Y hoy, sin exagerar, hoy, en el día de Todos los Santos, quisiera que nosotros pensáramos en todos estos, los santos desconocidos. Pecadores como nosotros, peor que nosotros, pero destruidos. A esta tanta de gente que viene de la Gran Tribulación: la mayor parte del mundo está en tribulación. Y el Señor santifica a este pueblo, pecador como nosotros, pero lo santifica con la tribulación.

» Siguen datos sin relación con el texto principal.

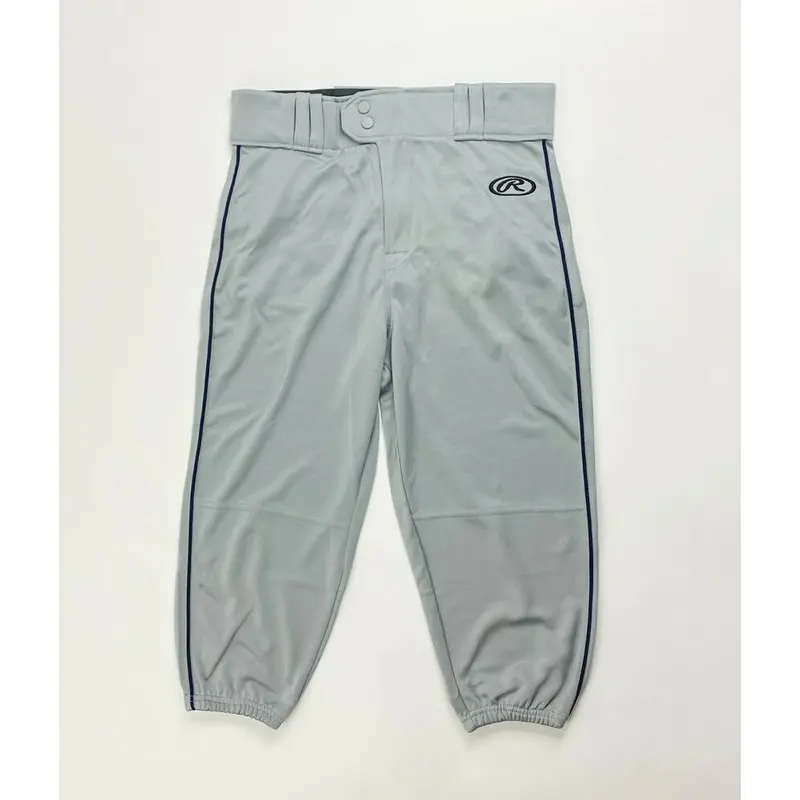 Rawlings Launch Baseball Knicker Pant Men's Medium Gray Navy Blue Piping LNCHKPP
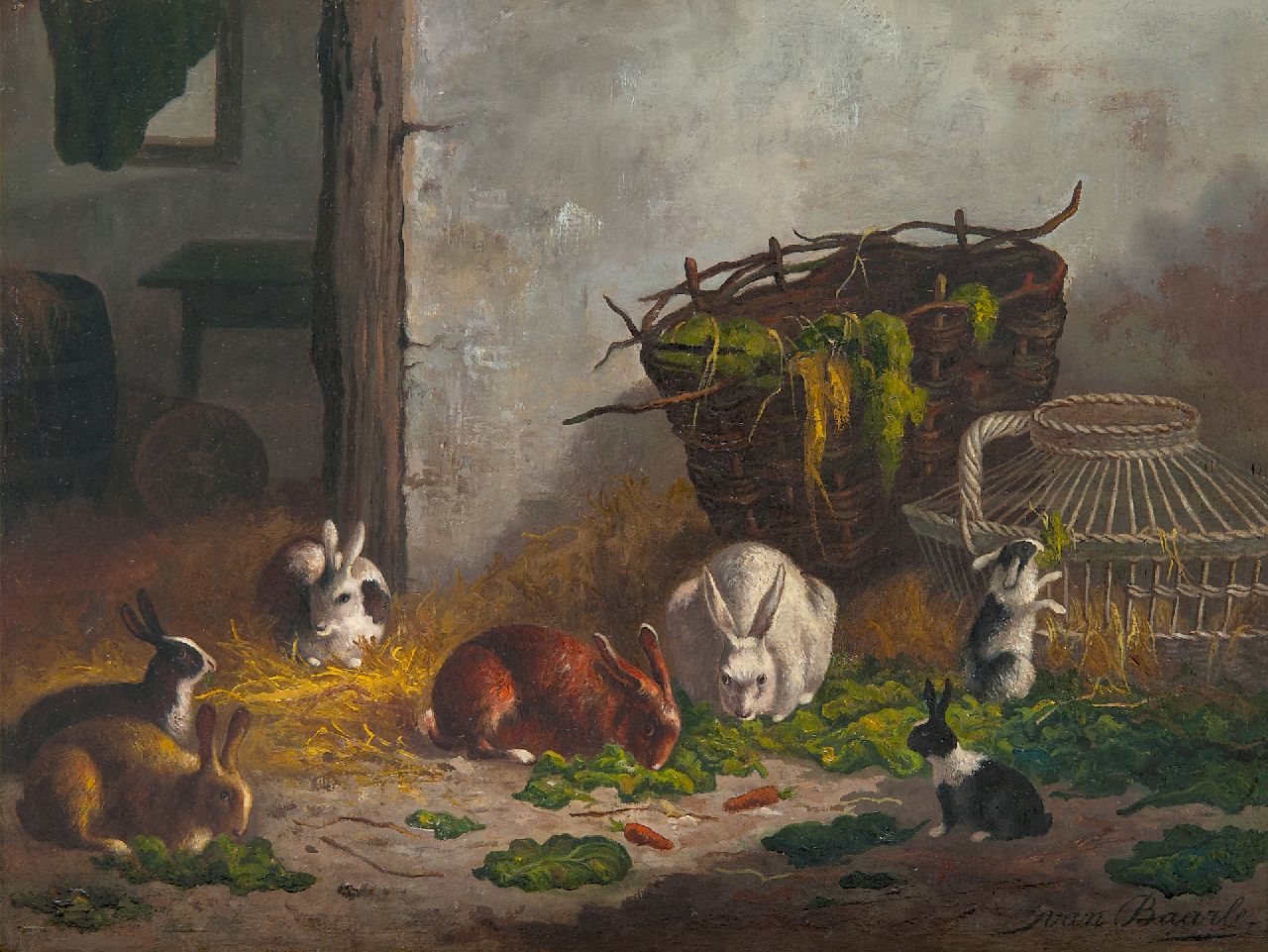 Baarle N. van | Nicolaas 'Nico' van Baarle, Fütterzeit im Kaninchenstall, Öl auf Holz 27,0 x 36,3 cm, Unterzeichnet u.r.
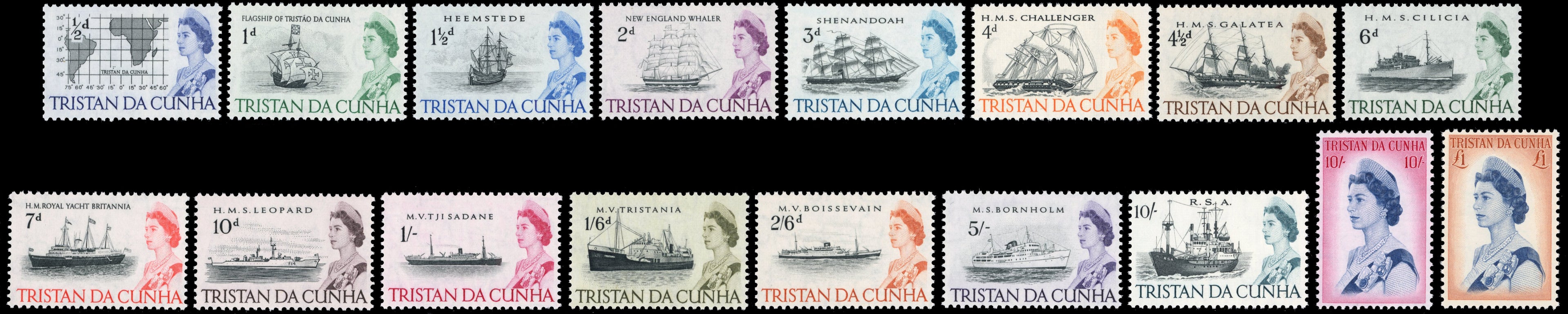 Tristan da Cunha SG 71/84b Unmounted Mint 1965-67 Ships set of 17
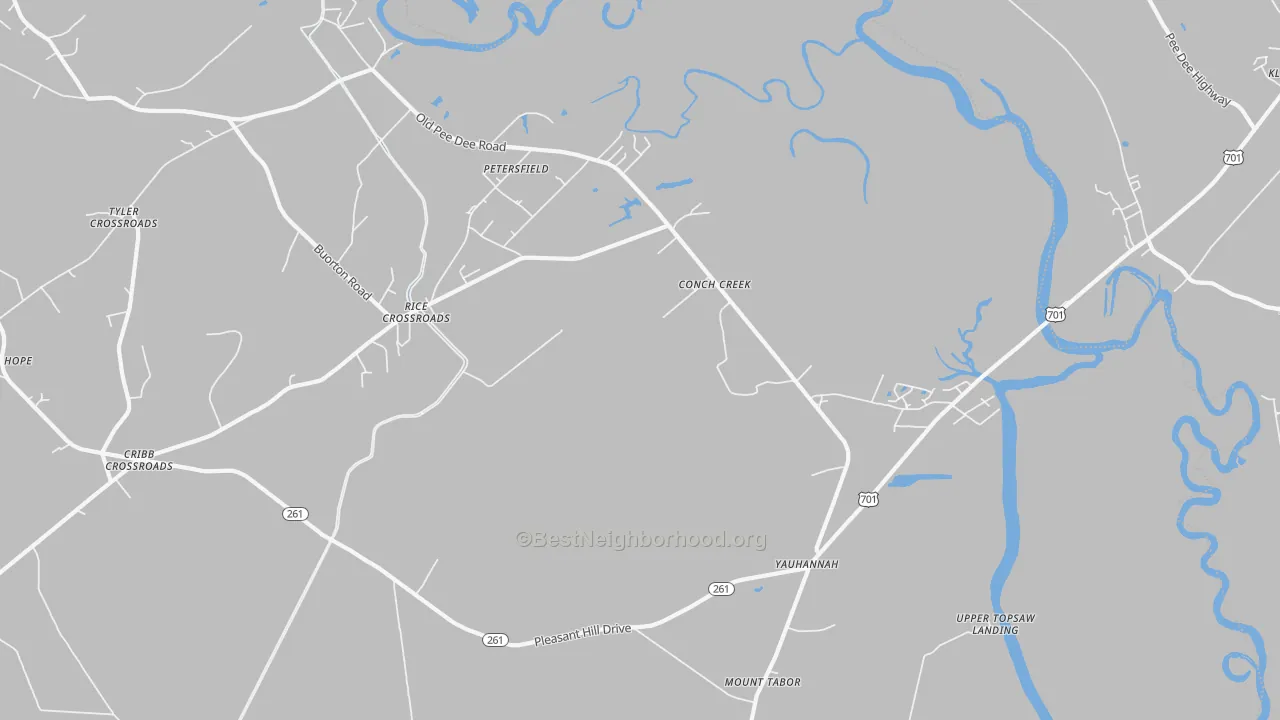 Transit Grade map of Yauhannah, SC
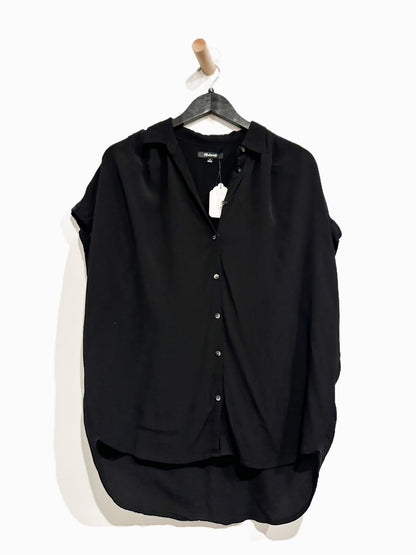 Madewell Central Drapey Shirt in True Black - Small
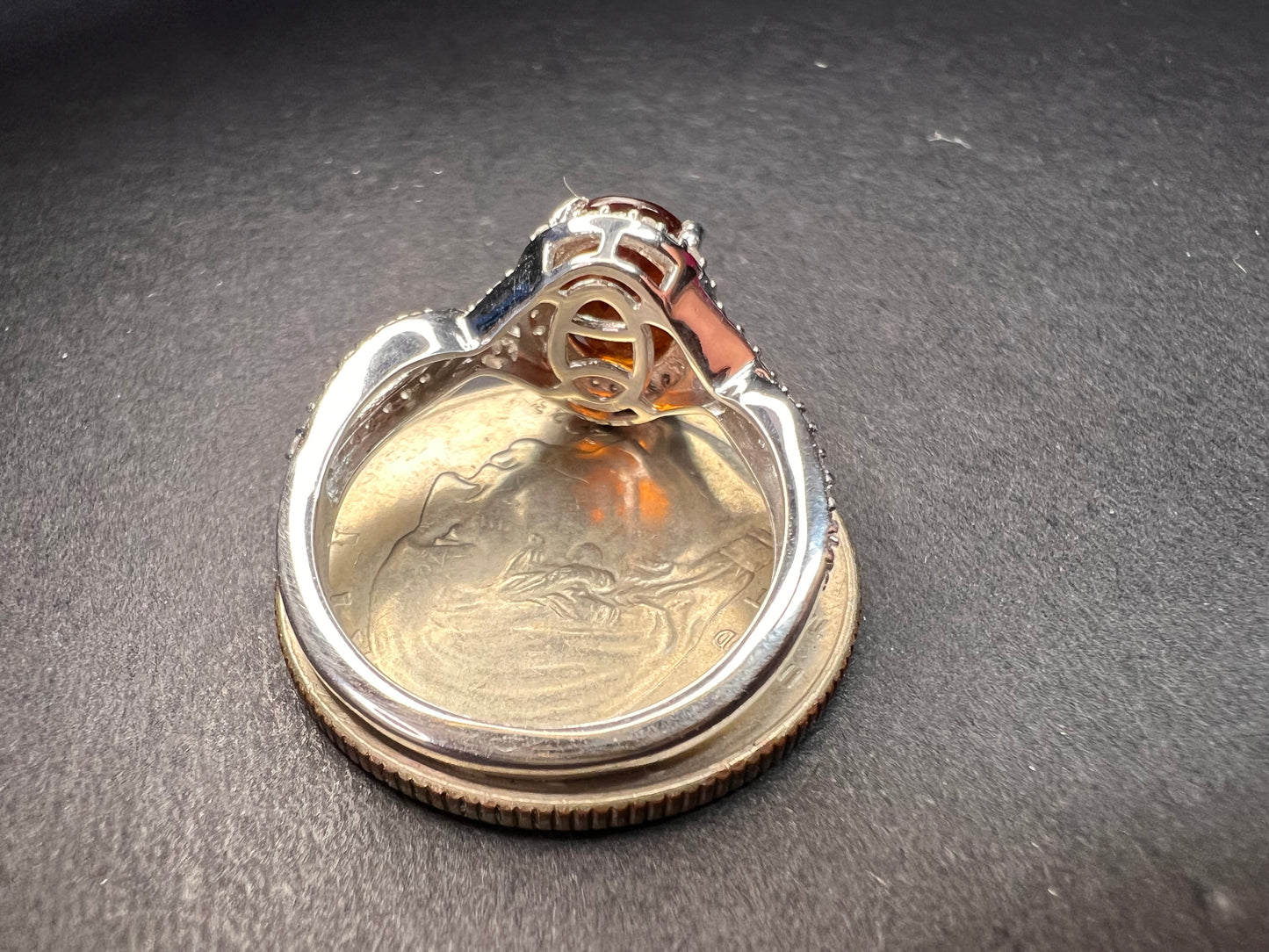 NEW Ceylon Hessonite garnet and zircon ring in rhodium over sterling silver size 7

Y al final, la tercera imagen. Dios. La primera, la devastación; la segunda, las víctimas; la tercera, Dios. Dios: “Nosotros desde ahora somos hijos de Dios”, hemos escuchado en la segunda lectura. “Pero lo que seremos no ha sido todavía revelado. Pero sabemos que cuando Él se habrá manifestado nosotros seremos semejantes a Él, porque lo veremos como Él es”, es decir: la esperanza. Y esto es la bendición del Señor que todavía tenemos: la esperanza. La esperanza que tenga piedad de su pueblo, que tenga piedad de aquellos que están en la Gran Tribulación. También, que tenga piedad de los destructores y se conviertan. Y así, la santidad de la Iglesia va adelante: con esta gente, con nosotros que veremos a Dios como Él es. Y ¿cuál debe ser nuestra actitud, si queremos entrar en este pueblo y caminar hacia el Padre, en este mundo de devastación, en este mundo de guerras, en este mundo de tribulación? Nuestra actitud, lo hemos escuchado en el Evangelio: es la actitud de las Bienaventuranzas. Solamente este camino nos llevará al encuentro con Dios. Solamente este camino nos salvará de la destrucción, de la devastación de la tierra, de la creación, de lo moral, de la historia, de la familia, de todo. Solamente este camino: pero nos hará pasar cosas feas, ¿eh? Nos traerá problemas. Persecuciones. Pero solamente este camino nos llevará adelante. Y así, este pueblo que tanto sufre hoy por el egoísmo de los devastadores, de nuestros hermanos devastadores, este pueblo va adelante con las Bienaventuranzas, con la esperanza de encontrar a Dios, de encontrar cara a cara al Señor, con la esperanza de hacernos santos, en aquel momento del encuentro definitivo con Él.
El Señor nos ayude y nos de la gracia de esta esperanza, pero también la gracia de la valentía para salir de todo aquello que es destrucción, devastación, relativismo de vida, exclusión de los otros, exclusión de los valores, exclusión de todo aquello que el Señor nos ha dado: exclusión de paz. Nos libre de esto, y nos de la gracia de caminar con la esperanza de encontrarnos un día cara a cara con Él. Y esta esperanza hermanos no defrauda.